But $L = K\left[t\right] / \left(f\left(t\right)\right)$ is a $K$-vector space of dimension $n$ (since the polynomial $f$ has degree $n$), and thus has size $\left|K\right|^n = q^n$ (since $\left|K\right| = q$). Hence, $\left|L\right| = q^n$, so that $q^n = \left|L\right| \leq q^j$ and therefore $n \leq j$. This contradicts $j \in \left\{0,1,\ldots,n-1\right\}$. This contradiction shows that our assumption was wrong. Hence, Claim 1 is proven.

Claim 2: The $n$ elements $F^0\left(u\right), F^1\left(u\right), \ldots, F^{n-1}\left(u\right)$ of $L$ are roots of $f$.

Proof of Claim 2. From $u = \overline{t}$, we obtain $f\left(u\right) = f\left(\overline{t}\right) = \overline{f\left(t\right)}$ (since $f$ is a polynomial with coefficients in $K$). Thus, $f\left(u\right) = \overline{f\left(t\right)} = 0$ (since $f\left(t\right) \equiv 0 \mod f\left(t\right)$).

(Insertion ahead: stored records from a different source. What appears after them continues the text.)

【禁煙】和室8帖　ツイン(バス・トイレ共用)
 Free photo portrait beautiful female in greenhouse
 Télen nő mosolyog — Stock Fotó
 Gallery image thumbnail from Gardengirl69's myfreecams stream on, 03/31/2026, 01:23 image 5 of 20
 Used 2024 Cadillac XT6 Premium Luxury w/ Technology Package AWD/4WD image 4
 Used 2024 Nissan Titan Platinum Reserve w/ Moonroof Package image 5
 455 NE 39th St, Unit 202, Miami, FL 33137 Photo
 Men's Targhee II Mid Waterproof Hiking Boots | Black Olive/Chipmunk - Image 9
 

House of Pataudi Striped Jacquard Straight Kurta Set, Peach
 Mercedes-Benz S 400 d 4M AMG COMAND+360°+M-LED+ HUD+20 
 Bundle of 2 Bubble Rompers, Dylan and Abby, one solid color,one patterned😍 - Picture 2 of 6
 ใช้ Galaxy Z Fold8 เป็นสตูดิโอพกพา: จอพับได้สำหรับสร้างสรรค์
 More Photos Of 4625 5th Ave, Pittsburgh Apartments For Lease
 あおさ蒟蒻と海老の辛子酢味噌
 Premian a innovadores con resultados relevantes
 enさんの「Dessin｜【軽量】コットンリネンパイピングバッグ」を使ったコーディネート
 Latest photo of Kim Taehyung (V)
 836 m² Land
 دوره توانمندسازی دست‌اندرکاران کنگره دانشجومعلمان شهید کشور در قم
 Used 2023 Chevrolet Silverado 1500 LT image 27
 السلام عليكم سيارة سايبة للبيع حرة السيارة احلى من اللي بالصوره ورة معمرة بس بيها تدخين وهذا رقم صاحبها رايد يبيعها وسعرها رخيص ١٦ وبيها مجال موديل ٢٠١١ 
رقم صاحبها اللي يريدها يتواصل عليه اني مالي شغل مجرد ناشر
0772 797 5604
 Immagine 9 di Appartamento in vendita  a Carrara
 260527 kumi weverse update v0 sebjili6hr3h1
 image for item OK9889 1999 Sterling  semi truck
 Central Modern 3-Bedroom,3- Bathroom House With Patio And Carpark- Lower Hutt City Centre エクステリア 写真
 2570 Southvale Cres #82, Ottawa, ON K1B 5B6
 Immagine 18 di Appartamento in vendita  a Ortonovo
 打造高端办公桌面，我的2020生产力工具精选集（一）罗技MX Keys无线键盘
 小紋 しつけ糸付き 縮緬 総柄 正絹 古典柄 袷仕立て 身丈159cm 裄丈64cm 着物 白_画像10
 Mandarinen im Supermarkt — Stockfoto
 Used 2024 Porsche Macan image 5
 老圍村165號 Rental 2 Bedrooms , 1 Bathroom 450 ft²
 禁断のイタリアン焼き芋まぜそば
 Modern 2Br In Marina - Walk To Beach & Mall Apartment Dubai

Now, let $i \in \left\{0,1,\ldots,n-1\right\}$ be arbitrary. Then, $F^i$ is a $K$-algebra homomorphism (since $F$ is a $K$-algebra homomorphism), and thus commutes with the application of any polynomial over $K$. Hence, in particular, $F^i$ commutes with $f$. Thus, $F^i\left(f\left(u\right)\right) = f\left(F^i\left(u\right)\right)$. Hence, $f\left(F^i\left(u\right)\right) = F^i\left(\underbrace{f\left(u\right)}_{=0}\right) = F^i\left(0\right) = 0$ (again since $F^i$ is a $K$-algebra homomorphism). In other words, $F^i\left(u\right)$ is a root of $f$.
Now, forget that we fixed $i$. We thus have shown that $F^i\left(u\right)$ is a root of $f$ for each $i \in \left\{0,1,\ldots,n-1\right\}$. In other words, the $n$ elements $F^0\left(u\right), F^1\left(u\right), \ldots, F^{n-1}\left(u\right)$ of $L$ are roots of $f$. This proves Claim 2.
We are now almost done proving Theorem 1. Claim 2 shows that the $n$ elements $F^0\left(u\right), F^1\left(u\right), \ldots, F^{n-1}\left(u\right)$ of $L$ are roots of $f$. Since these $n$ elements are distinct (by Claim 1), we thus conclude that the polynomial $f$ has (at least) $n$ distinct roots over $L$. But this polynomial $f$ has degree $n$; hence, if it has $n$ distinct roots over $L$, then it factors into linear polynomials over $L$. So we have proven that $f$ factors into linear polynomials over $L$. This proves Theorem 1. $\blacksquare$